On Tuesday, Microsoft Corp. (MSFT.O) launched various AI updates to ChatGPT, Bing, and cloud services to compete with Alphabet Inc.’s (GOOGL.O) Google.
Bing now provides real-time search results to ChatGPT, OpenAI’s viral chatbot whose answers were confined to information until 2021.
ChatGPT announced that paying members can retrieve Bing online results at its annual Microsoft Build conference, and free users will come soon.
The company is also expanding Bing plug-ins, leveraging OpenAI’s standard to make business-consumer transactions easier.
Yusuf Mehdi, Microsoft’s consumer chief marketing officer, said one such tool might help online surfers looking for supper ideas by suggesting a meal and ingredients that can be delivered through Instacart in one click.
“This is a profound change to how people will use the web,” he said in an interview.

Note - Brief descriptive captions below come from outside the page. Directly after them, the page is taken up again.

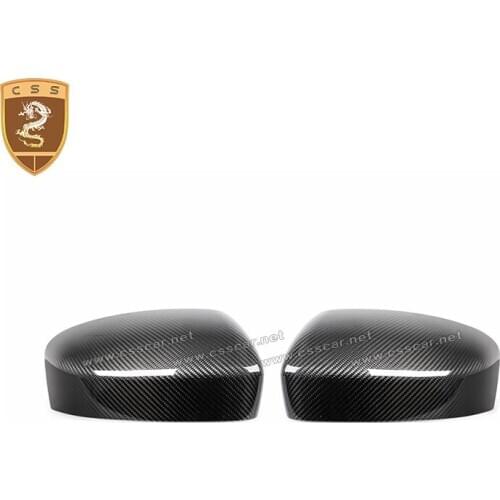 100% Carbon Fiber Mirror Cover For Maserati Levante M157 2016 up real carbon fiber rearview mirror shell caps add on style 00392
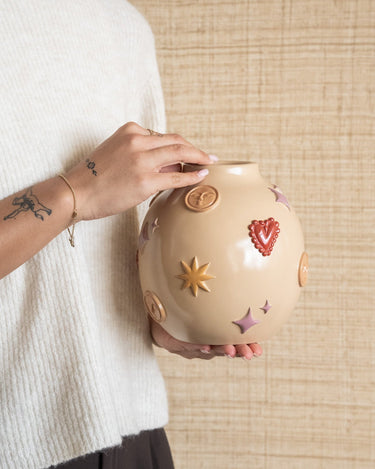 Deco Vase Cosmic Symbols - Things I Like Things I Love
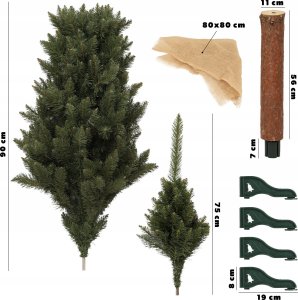 Kadax Choinka sztuczna 220 cm Świerk Na Pniu Naturalny 4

Mehdi said Microsoft hasn’t sold plug-in ads yet, but “the model for how people acquire customers is changing.”
Microsoft updated Bing to capture more of the $286 billion global search advertising market.

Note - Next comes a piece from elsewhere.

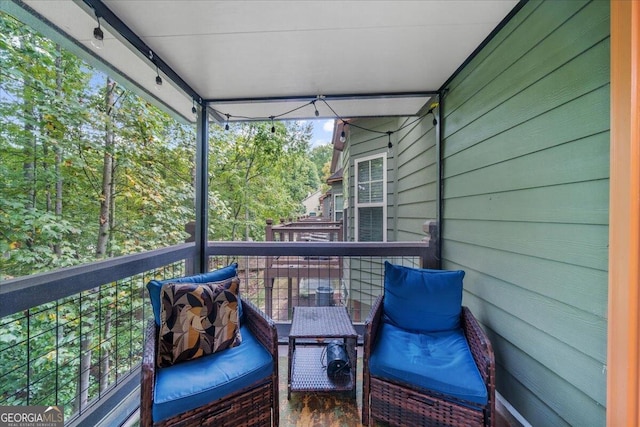 sunroom with a wealth of natural light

Google, like Microsoft, has lately shown generative AI advancements for its search engine, learning from past data how to answer open-ended inquiries with no clear solutions.

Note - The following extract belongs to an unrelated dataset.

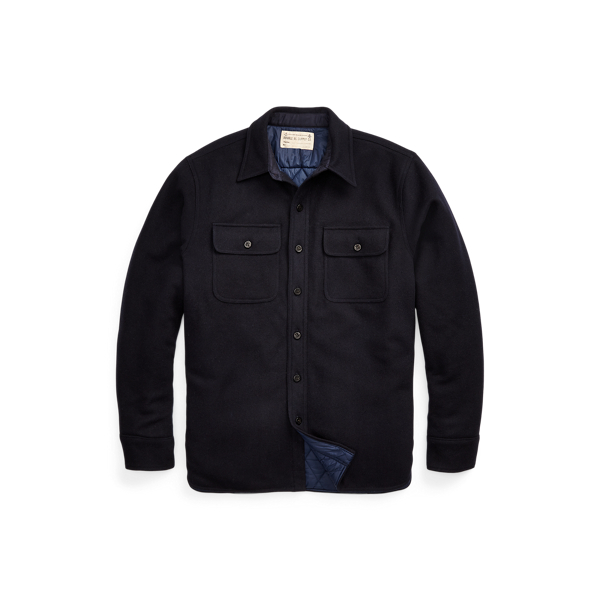 Quilted Wool Melton Overshirt RRL 1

Google hasn’t extensively released its upgraded search engine, so users’ preferences are unknown. However, Bard, a chatbot that competes with ChatGPT, already uses Google search results.
Mehdi said the apps offer different experiences but that Microsoft would profit either way because ChatGPT cites Bing.
Businesses may now build plug-ins for Microsoft 365 Copilot, its enterprise AI assistant.
Microsoft claimed a plug-in might enable staffers to ask the AI to schedule flights or explain vendor contract legal difficulties in plain terms. Microsoft wants companies to customize their AI copilots.
Microsoft will preview an AI assistant, or copilot, in June for some Windows users. Like Google, it unveiled ways people can tell if its AI created a picture or video.